In India, as per World Economic Forum Future of Jobs 2025 Report, only 30% of employers are looking to adopt skills-based hiring by removing degree requirements, meaning 70% are still clinging to outdated credentials as their primary filter.
This isn’t just slow progress, it’s one the most serious, outdated HR practices and hiring problem we’re ignoring.
The foundation of traditional hiring is crumbling under its own weight. Recent studies reveal that:
- 64.2% of employees have lied about skills, experience, or references at least once, up from 55% in 2022.
- Candidates most commonly lie about their education credentials (44%), years of experience (40%), and skills and abilities (37%).
When nearly two-thirds of your talent pool is providing false information, how can we trust our hiring decisions?
Applicant Tracking Systems (ATS), used by 98% of Fortune 500 companies, reject up to 75% of qualified candidates due to resumes that are difficult to understand.
We’re not just missing talent, we’re systematically excluding it based on formatting issues and keyword optimization rather than actual capability of candidates.
Here’s the uncomfortable truth: For every 100 job postings where companies removed college-degree requirements, fewer than four additional candidates without degrees are actually hired. We’re paying lip service to skills-based hiring while our unconscious biases keep us trapped in credential worship.
The cost of this outdated hiring approach isn’t just inefficiency, it’s competitive suicide.
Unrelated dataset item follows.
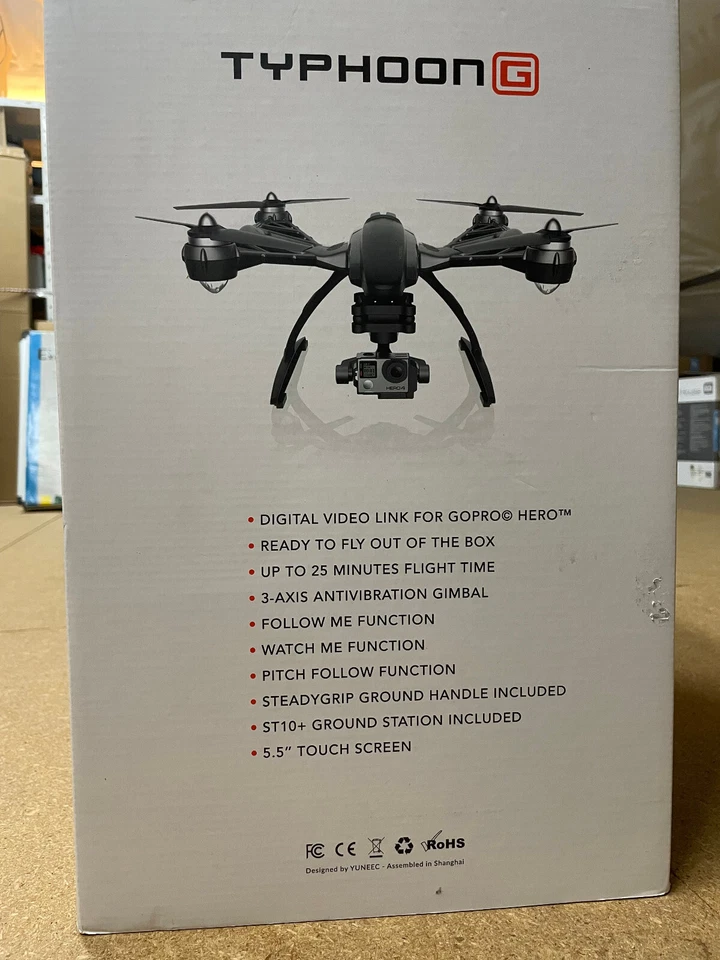 Drohne Typhoon Q500 Aircraft Yuneec - Bild 2 von 4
Companies embracing skills-based hiring practices increased from 40% in 2020 to 60% in 2024, and 45% of companies are expected to drop degree requirements for key roles this year.
Forward-thinking companies are already solving this challenge with innovative platforms.
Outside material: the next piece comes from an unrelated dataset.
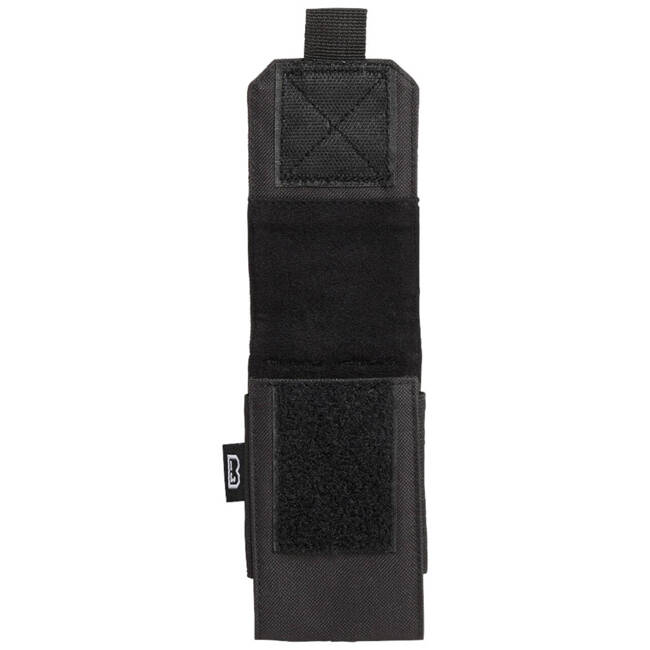 MOLLE PHONE POUCH - MEDIUM - BLACK - BRANDIT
Taggd’s AI-powered Digital Hiring Platform exemplifies this evolution, providing 360-degree candidate profiles with comprehensive T-scores that reveal what traditional resumes never could. The Ready-To-Hire candidates come with interview feedback, video resumes, social footprint checks, identity verification, and validated assessments, cutting hiring cycles from months to days.
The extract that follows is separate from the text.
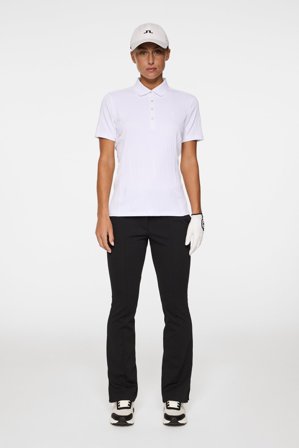 J.Lindeberg - Izara Polo - Golf - White - Women - M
And when every profile includes verified skills assessments and validated experience, the foundation shifts from hope to evidence.
Thus, it is safe to say that in 2025, when 70% of applicants lie or consider lying, resume-based hiring isn’t just an outdated HR practice, it’s dangerous. Resumes worked in an era when jobs were stable, and degrees mattered more than agility.
But the future belongs to companies that are already moving beyond resumes toward comprehensive skills validation.